Bradbury’s novels all grew out of his own short stories, and his oeuvre features a web of connecting ideas and recurrent themes. For instance, a 1950 story titled “The Illustrated Man” (a precursor to the novel of the same name that was published one year later) features a carnival worker whose tattoos tell the future. Magical tattoos are also a crucial part of Bradbury’s novel Something Wicked This Way Comes, which itself derives its title from William Shakespeare’s Macbeth—a play that Bradbury quotes in his story “The Exiles.” The examination of book burning that provides the backbone of “The Exiles” would soon grow into the novel Fahrenheit 451. Meanwhile, the many stories in The Illustrated Man that take place on Mars recall not only Bradbury’s novel The Martian Chronicles, but also the dozens of stories, sprinkled throughout his many collections, that unfurl on the Red Planet.
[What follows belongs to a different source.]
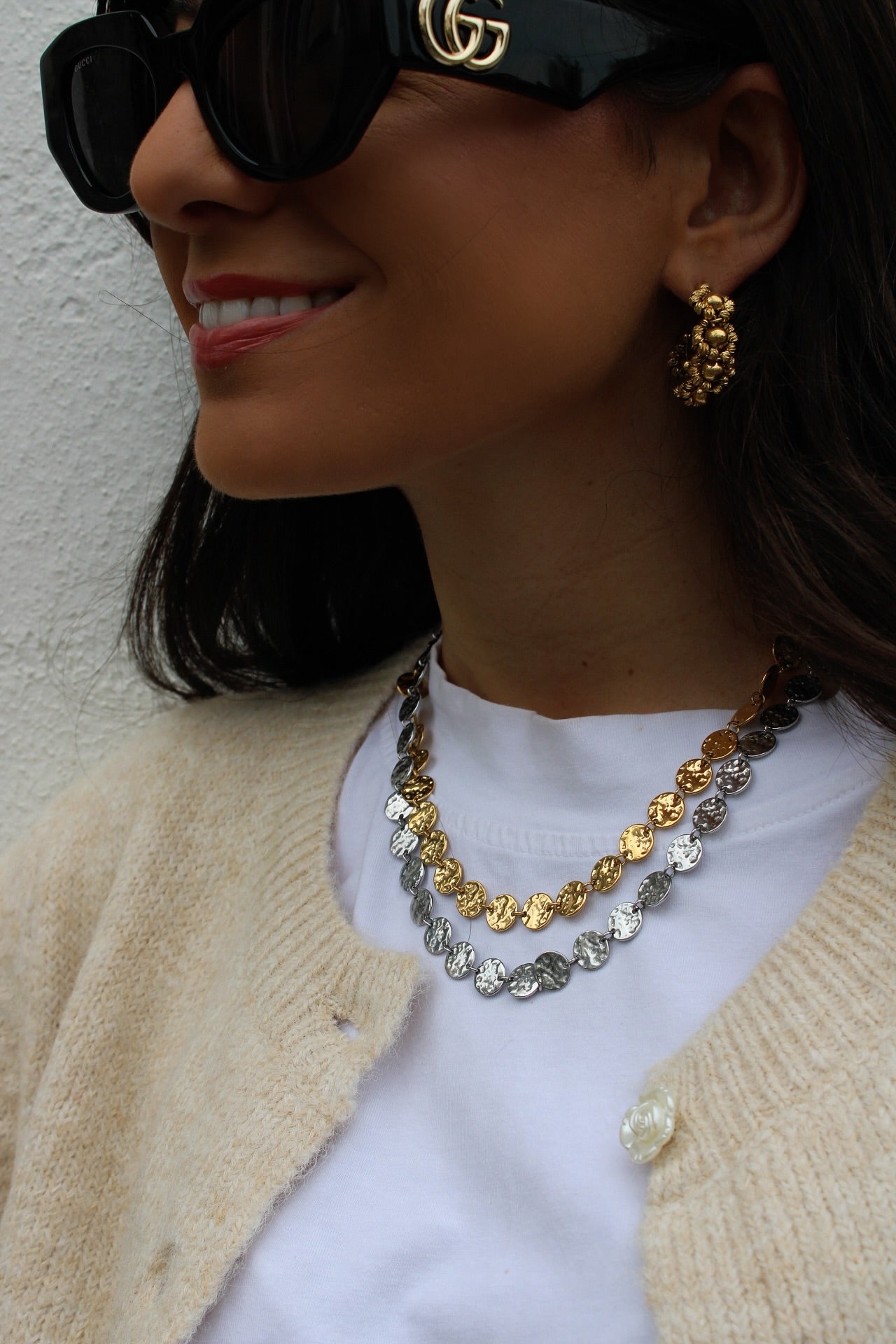 Necklace / Choker with Small Medals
Beyond Bradbury’s own work, “The Other Foot” is linked thematically to post-war books such as George Orwell’s Animal Farm (1945) and 1984 (1949), both of which similarly grapple with existential threats to democracy and human kind.
Key Facts about The Other Foot
  • Full Title: “The Other Foot”
  • When Written: 1947-1951
  • Where Written: Los Angeles
  • When Published: The individual stories were published between 1947 and 1951, in a variety of magazines; these were collected published as the novel The Illustrated Man in 1951.
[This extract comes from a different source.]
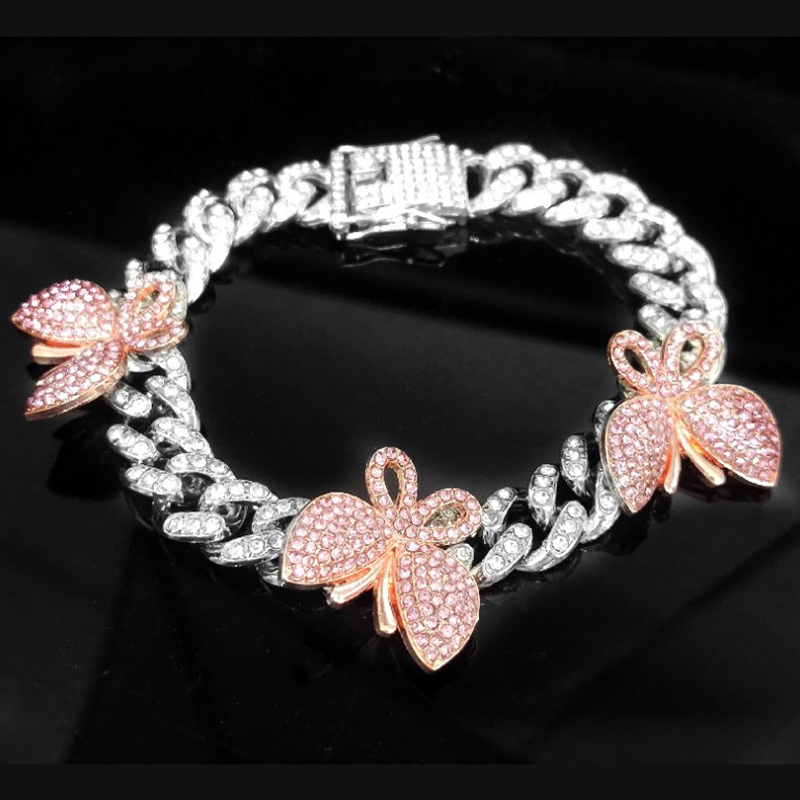 1 Vòng Tay Hình Bướm Đính Đá Lấp Lánh Phong Cách Hip Hop | BigBuy360 - bigbuy360.vn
  • Literary Period: Post-war
  • Genre: Science Fiction
  • Setting: Mars
  • Climax: When the white man’s rocket lands on Mars
  • Antagonist:
  • Point of View: Third person

Extra Credit for The Other Foot

Recognition. Ray Bradbury’s first mainstream success was a short story published by the magazine Mademoiselle in 1947. The editor who accepted Bradbury’s story was none other than Truman Capote, a then-unknown writer who would soon gain fame with his novels In Cold Blood and Breakfast at Tiffany’s.

Hit Songs. In 1972, Elton John and Bernie Taupin composed “Rocket Man,” a song inspired by Bradbury’s short story of the same name. The song would go on to become a major hit worldwide, and one of Rolling Stone’s “greats songs of all time.”